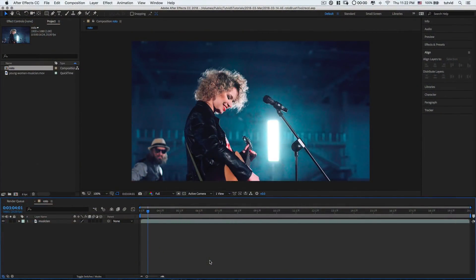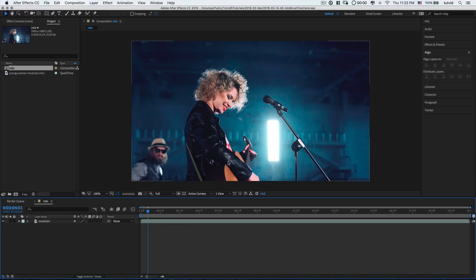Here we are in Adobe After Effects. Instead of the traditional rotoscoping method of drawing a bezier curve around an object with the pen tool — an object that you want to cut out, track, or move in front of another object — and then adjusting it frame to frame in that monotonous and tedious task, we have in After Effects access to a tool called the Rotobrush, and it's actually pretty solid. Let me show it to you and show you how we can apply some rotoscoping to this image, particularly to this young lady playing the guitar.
--
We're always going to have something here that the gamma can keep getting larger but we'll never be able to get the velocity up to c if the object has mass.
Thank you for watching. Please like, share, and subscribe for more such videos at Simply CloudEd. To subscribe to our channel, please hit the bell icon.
...
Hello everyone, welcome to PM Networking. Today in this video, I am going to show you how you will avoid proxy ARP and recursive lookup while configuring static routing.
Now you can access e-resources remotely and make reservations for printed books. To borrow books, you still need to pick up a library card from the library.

WHAT THE TASK REQUIRES: Begin with the line above that has "We're always going" and continue through the line that has "Thank you for", setting each one down exactly. Stop there.

ANSWER TO THE EXERCISE:
We're always going to have something here that the gamma can keep getting larger but we'll never be able to get the velocity up to c if the object has mass.
Thank you for watching. Please like, share, and subscribe for more such videos at Simply CloudEd. To subscribe to our channel, please hit the bell icon.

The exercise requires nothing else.